Non durò molto , perché nel mondo della tecnologia contemporanea il tempo corre veloce, e così venne il momento dei Nokia (do you remember?) e poi, ma siamo già agli anni Duemila, cominciò la stagione degli smartphone, i telefoni intelligenti che hanno cambiato il mondo un’altra volta, portando nelle tasche di milioni poi miliardi di persone altrettanti piccoli computer, che conservano la capacità di telefonare, ma come funzione ormai marginale.

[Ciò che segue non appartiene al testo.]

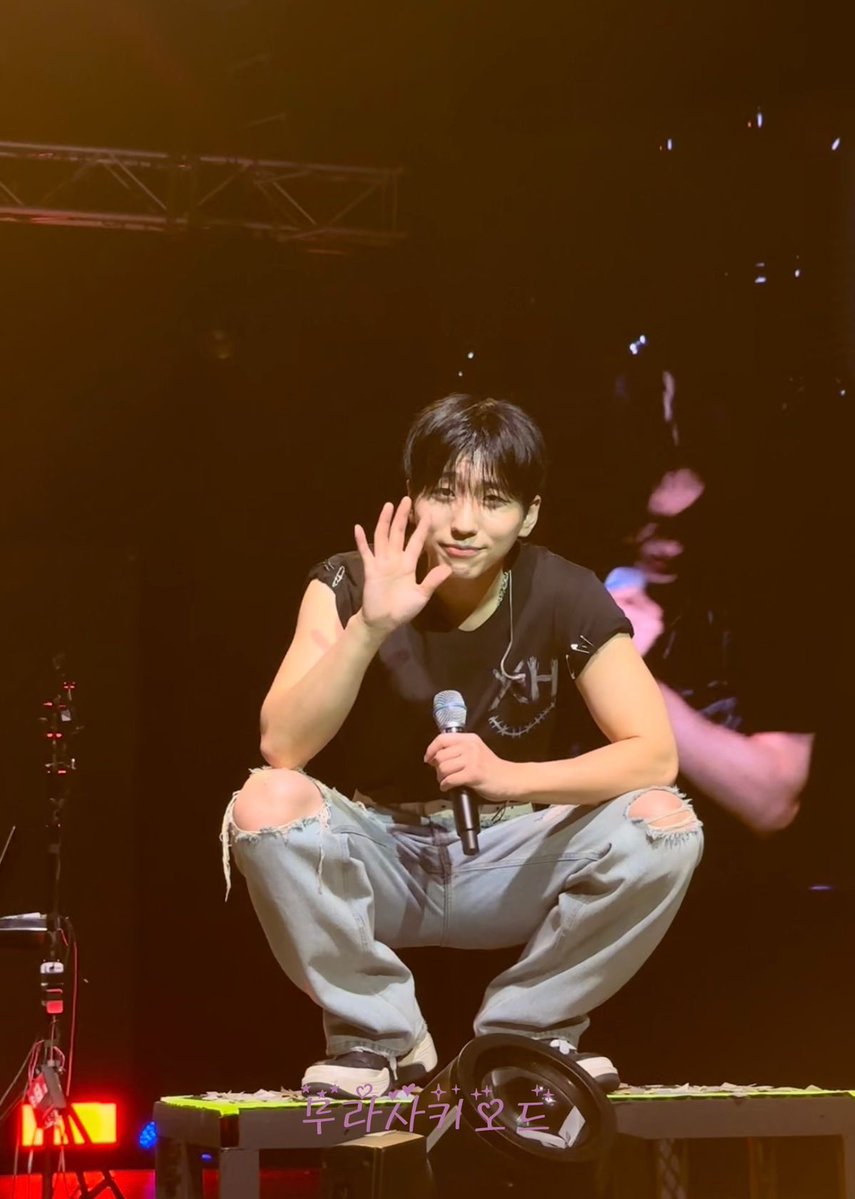 fullsunienana's tweet photo. gunil is just so damn precious:( https://t.co/5qUz4dinwP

In quarant’anni i progressi tecnologici sono stati stupefacenti e basta un colpo d’occhio per apprezzare la mole di conoscenze accumulata per passare dai “mattoni“ Motorola a uno qualsiasi degli ultrasottili moderni cellulari, pardon smartphone. Ma questo è solo l’hardware, la parte materiale del cambiamento. E non è la più importante. Lo aveva intuito Italo Calvino, al tempo delle Lezioni americane, opera postuma uscita nel 1988: "È vero che il software non potrebbe esercitare i poteri della sua leggerezza se non mediante la pesantezza dell’hardware; ma è il software che comanda, che agisce sul mondo esterno e sulle macchine, le quali esistono solo in funzione del software, si evolvono in modo d’elaborare programmi sempre più complessi".

Oggi, quarant’anni dopo, mentre Martin Cooper dall’alto dei suoi 94 anni può ben sorridere pensando al successo della sua creatura, l’umanità è alle prese con una fase nuova: il software si è così evoluto da dialogare a tu per tu con il software più avanzato che si conosca, il cervello umano. È una sfida imprevista e piena di insidie. Come ammoniva, fra gli altri, Ivan Illich, geniale critico della modernità, accade spesso che il successo di una tecnologia, come di un’istituzione o di un sistema di saperi, si traducano nel proprio opposto, con effetti nefasti. Nella società dei consumi priva di senso del limite, diceva più o meno Illich, la cura della salute e il grande uso di farmaci alla fine generano malattia, la scuola-istituzione produce ignoranza, la diffusione dell’automobile ostacola gli spostamenti, e così via.

Noi, figli e nipoti di Cooper, abbiamo in tasca strumenti prodigiosi ma ne siamo spesso schiavi: ne abusiamo al punto di diventarne appendici. E intanto il software digitale, nella sua più moderna espressione, diventa una forma d’intelligenza che mette in crisi quella umana. Aspettiamoci – forse auguriamoci – un’altra rivoluzione.